When he stood up from the piano, half the audience was on its feet, cheering, whistling, and waving handmade signs bearing well-wishes and various Jewish puns (including one about gefilte fish) urging the audience members to cast their votes for Sherman, including one sign reading “Jeremy Sherman is My President.”
Such was the scene on Sunday, July 15 at the second annual Mr. Nice Jewish Boy DC pageant, where the 25-year-old Sherman vied against three other contestants for the titular honor to a packed house. For those who purchased their tickets at the door, it was standing room only inside the hall.
While Sherman made an impressive bid for the title in the talent portion of the competition, he had to contend with Zach Levine’s ballad version of Robyn’s “Dancing On My Own,” Micah Ramsey’s drag number as “Madame Shewitz,” and Jeremy Bauer-Wolf’s Jewish pun-filled stand-up routine. All four men also had to participate in a joint opening number, where they showcased their dancing moves as they gyrated to Fifth Harmony’s “Work from Home,” dressed in hard hats, work boots, and skimpy construction worker vests.
“I think everyone brought their best talents and skills to the competition, but I felt really good about my talent, and my answers in the question-and-answer session with the judges,” Sherman said after the show. “I definitely brought a lot of energy to the competition.”
After audience votes (cast via an online balloting system) and judges’ scores were tabulated, Sherman was named the winner and crowned by the reigning Mr. Nice Jewish Boy DC — and this year’s emcee — Tony Cohn. Sherman’s three fellow pageant participants cheered, clapped, and danced in the background as “Hava Nagila” played in the background during the crowning.
After the competition, all four contestants continued dancing on stage to Whitney Houston’s “It’s Not Right, But It’s Okay” as they waited around to take pictures with audience members who had purchased VIP tickets.
“I think what Jeremy did that went over really well was that his personality came across really strongly in his talent,” says Jeremy Gilston, runner-up in 2017’s Mr. Nice Jewish Boy DC pageant and chief organizer of the 2018 pageant. “His personality shone through the entire competition, and the audience was able to fall in love with him.”
Gilston also praised runner-up Levine, as well as Ramsey and Bauer-Wolf, for providing an afternoon full of laughter and entertainment, adding: “It was a very close competition, and they’re all real winners.”
The annual pageant, a project of Nice Jewish Boys DC, seeks to raise money for local LGBTQ community organizations.
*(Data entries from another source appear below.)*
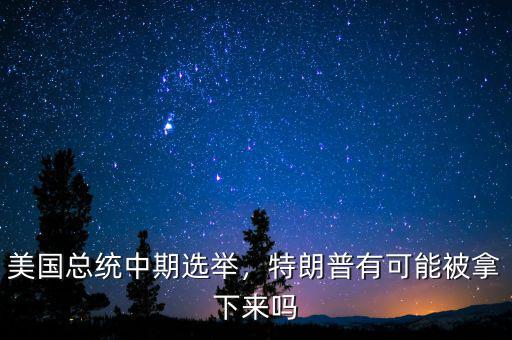 美國總統(tǒng)中期選舉，特朗普有可能被拿下來嗎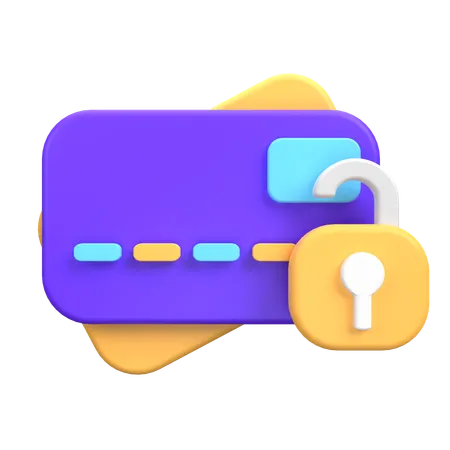 Secure Payment  3D Icon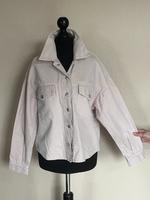 Mango Jeans Jacke Gr.S Saumlos Cropped Kastiger Schnitt Creme Nordrhein-Westfalen - Moers Vorschau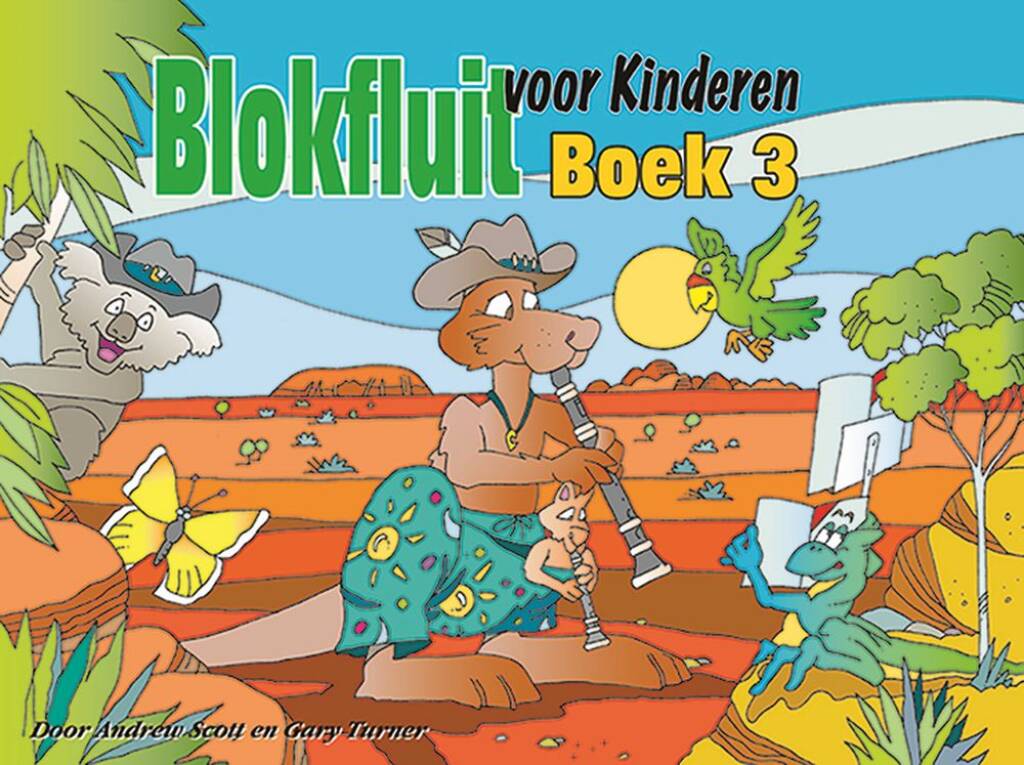 Blokfluit voor Kinderen Boek 3 (SCOTT ANDREW)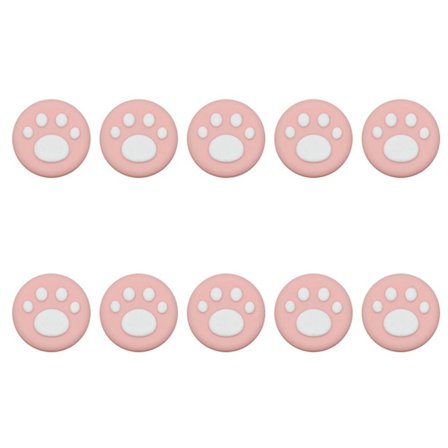 10st Rocker Caps Analog Grip PINK&WHITE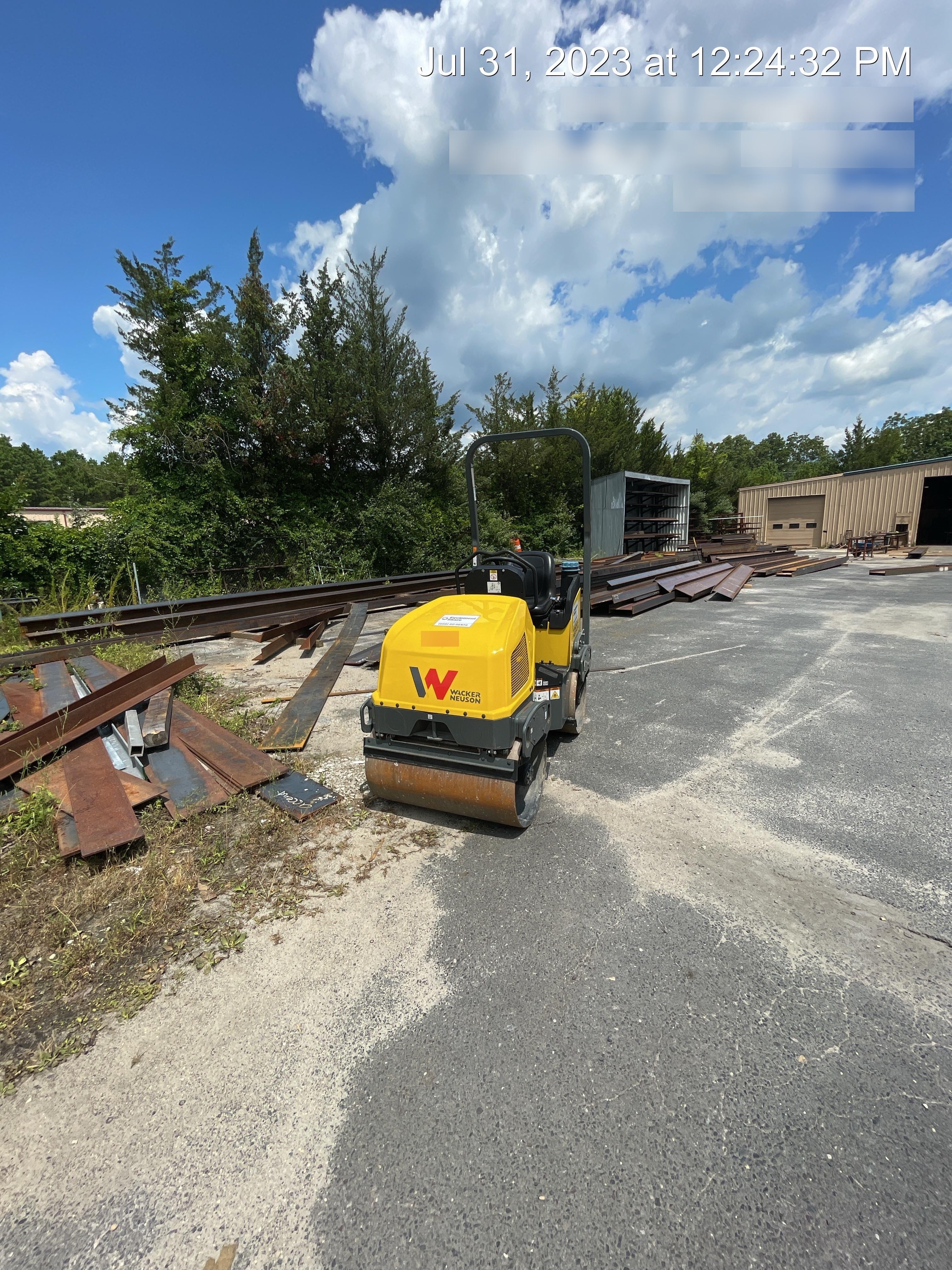 2020 WACKER NEUSON RD12A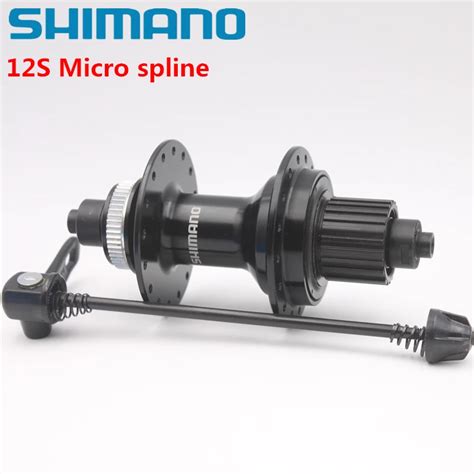 Shimano 12 S Freehub Micro Spline Cubo De Liberação Rápida Antigo 135mm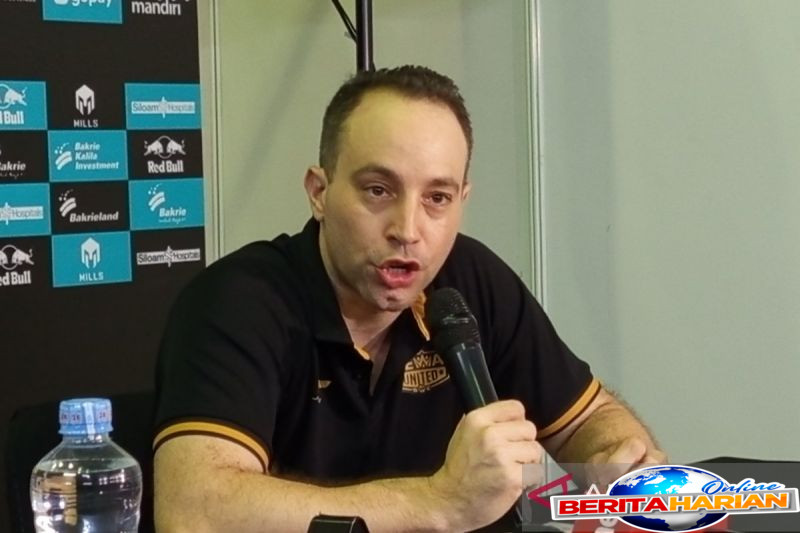 favarel sebut pemain dewa united tampilkan tekad kuat untuk juara ibl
Proceeds from this year’s event will benefit Keshet, an organization that designs programs, weekend retreats, and even summer camp for LGBTQ-identifying Jewish youth. In total, the Nice Jewish Boys DC organization raised over $4,000 — more than twice what it raised last year.
“The show went almost flawlessly. We had some minor AV hiccups, but that’s to be expected, and we rolled with the punches and had an awesome time,” Gilston says. “We had such a good planning committee that helped make the planning process easier. And members of the community really stepped in to make this well-oiled machine go.”
He says he’s already looking forward to next year’s competition, adding that it’s his intention to make the Mr. Nice Jewish Boy DC pageant “bigger and better” with each successive year.
Sherman called his victory “absolutely overwhelming” and thanked his fellow contestants for making his pageant experience worthwhile.
He says that, as a relative newcomer to D.C., he knows that there are many individuals who haven’t yet gotten involved with either the Jewish or LGBTQ communities because they are new to the District or haven’t been reached out to by local organizations.
“There’s so many people, like me, who have not been involved with this community, but should, and deserve to,” he says. “We need to build a bigger tent, a bigger umbrella for everybody. And as a new person myself, I want to help do that.”
Sherman adds that his focus as the reigning Mr. Nice Jewish Boy will be on promoting intersectionality and building relationships between Nice Jewish Boys DC and other community groups.
“I’m so grateful for everyone who came out today,” he adds. “The Jewish community, the gay community, all my friends and supporters, who regardless of their identity, came and supported me. I want to thank them for being champions of me and for letting me be my authentic self.”